Is not having worship service on Sunday disobedience?

Christmas 2022 falls on a Sunday. Instead of social media feeds being flooded with the season of celebrating Jesus’ birth, this just gave another reason for believers to attack one another. It’s almost like professing Christians enjoy wasting time finger-pointing over unprofitable issues.

This is not an article that should be written, but alas, here I am.


The Problem

So why are some believers attacking churches this Christmas season? Because some churches have chosen not to have worship services on Christmas Day. For some reading this, that sounds bad. “Wait, why would a church close on Christmas Sunday? What better Sunday is there to worship than Christmas Day?” Each local church may answer this question differently. However, from what I’ve seen, these churches are still having worship services. It’s just on Friday or Saturday instead of Sunday. Nonetheless, that’s still not good enough for the Christians who feel the need to vocalize their disdain. Believers, and more disgracefully, pastors, are online accusing other churches of being disobedient because they’re closing on Sunday. To make matters worse, I have seen pastors post that Christians should leave their church if they close on Christmas Day. What!

The rationale for these fellow believers is that we (Christians & churches) are commanded in Scripture to corporately worship God on Sunday, and therefore to be closed on Sunday (especially for a holiday like Christmas) is disobedient and shameful.

But is it? Is it disobedient for churches not to gather corporately for worship on Sunday?

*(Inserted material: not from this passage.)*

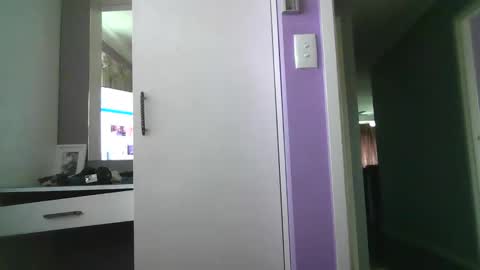 Snapshot of inxs2much chatting on 9, 11, 2025 inxs2much online show from 9, 11, 2025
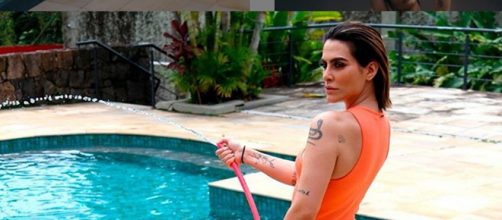 Cleo apostou num vestido neon peach (Reprodu&ccedil;&atilde;o: Instagram)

To be fair to the believers and pastors I’ve seen online calling out churches for being closed on Christmas, much of their criticism is that churches are canceling worship service for the convenience of a holiday that should compel us to worship Jesus even more. I hear and agree with their heart. However, churches aren’t canceling their worship services completely. They’re switching service days, which is not forbidden by Scripture. Therefore, I disagree with their premise—Sunday is the commanded day of worship—and so does Scripture.


Addressing the Question

  • First, there isn’t a single verse in the NT that instructs the church to worship together “on Sunday”.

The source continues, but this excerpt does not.